To be fair, Sweep months, such as May, are not for Cable Networks. We would expect them to get better ratings in non-Sweep months (especially with the new, original series they've got coming up).

So, in summation, all the Cartoon Network is claiming is that "Z Day" had great ratings compared to a normal day a year ago and that their Day schedule in May (which included over half a month of Toonami) also did better than a year ago.

(In July, another press release had even more misleading information but it did not concern Toonami. The network boasted of more daytime gains but at the expense of cannibalizing their primetime repeats & home video sales of their original shows.)

We wonder why this press release was ever written.
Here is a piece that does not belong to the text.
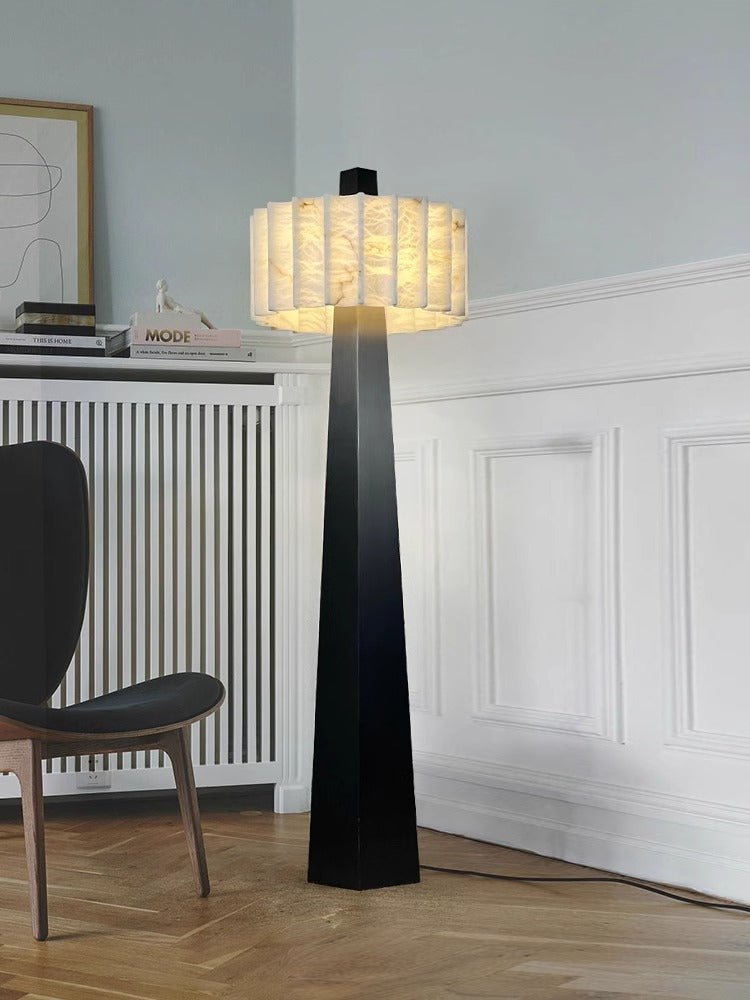 Wolve Alabaster Obelisk Floor Lamp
Generally, they are ignored by media buyers (the people who buy commercial time for advertising agencies) and are usually directed at the public-at-large via the consumer press (you know, normal newspapers).
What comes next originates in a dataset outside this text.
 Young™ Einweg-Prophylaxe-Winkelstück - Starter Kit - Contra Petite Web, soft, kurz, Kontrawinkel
Such press releases are meant to put the best face on a bad situation and to spin public perception to sample a network. In other words, to give you the impression, "Look at what all these other people are watching! It must be good! You're missing out on something!" The movie companies do the same thing when they advertise, "The Number One Comedy In America!" (even though it maybe only 3rd or 4th because some action, special effects or dramas are doing better).
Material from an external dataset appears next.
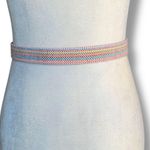 Vintage Kandell & Marcus Multicolor Rainbow Woven Belt Statement Eighties Retro Red Photo 3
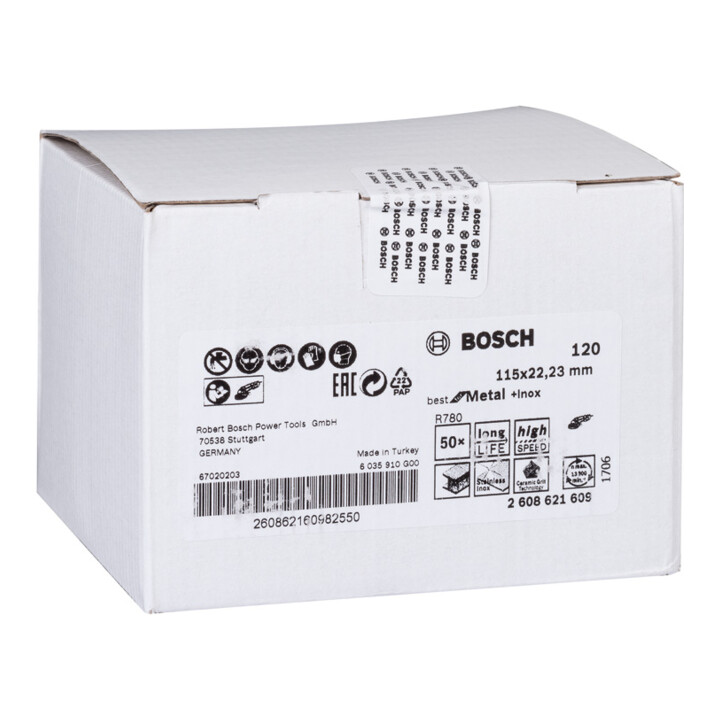 Disque fibre Bosch R780 Best for Metal and Inox 115 x 22,23 mm 120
But we could not help but notice how this press release wasn't slanted for the public-at-large and instead seemed to make an appeal to current and former Toonami viewers who are online. Other than the anime sites listed at the top of this article we could not find any business or consumer publications or online sites that picked-up this story--probably because they knew better (their reporters could tell how misleading it was) and that it wasn't directed at them. Yet a number of anime online sites did.

It appears to us that the event, "Z Day," and the press release was aimed at the online audience in an attempt to keep Toonami viewers from abandoning the network. WB-TV doesn't want to lose any viewers. It would prefer to wean the audience off of the Japanese shows and onto AOL/Time Warner--owned series. (A desire we understand but are not crazy about.) So to Joseph Swaney, Steve Rice & Courtenay Purcell who wrote the press release, you get an A+.

But we are not here to cover such a story nor to critique anime news sites. In fact, we have otherwise loved the coverage on other sites and have found most of them very useful.

However, in this one particular instance, this press release was an attempt (and a successful one at that) to help mislead the online anime community--making our lives a little harder. (Some fans don't understand what's happening at the network and why we have to find another one.)

So what we'd like to suggest is that anime news websites should consider what a press release claims. Be careful of the headline you choose and why not offer some analysis? Likewise, we would like to suggest that fans consider what it is they're reading, whom it comes from and why.

We hope that the Cartoon Network changes its programming and scheduling so that Toonami could grow again.

We would like to thank the companies & individuals which provided us with the data for this story, and understandably, do not wish to be identified. However, a surprising amount of Nielsen ratings has been published and can be used to ascertain just which network is ahead or behind for almost any time of day or night. Other networks can be just as misleading in their press releases, so we would recommend taking a hard look at just which claims are being made.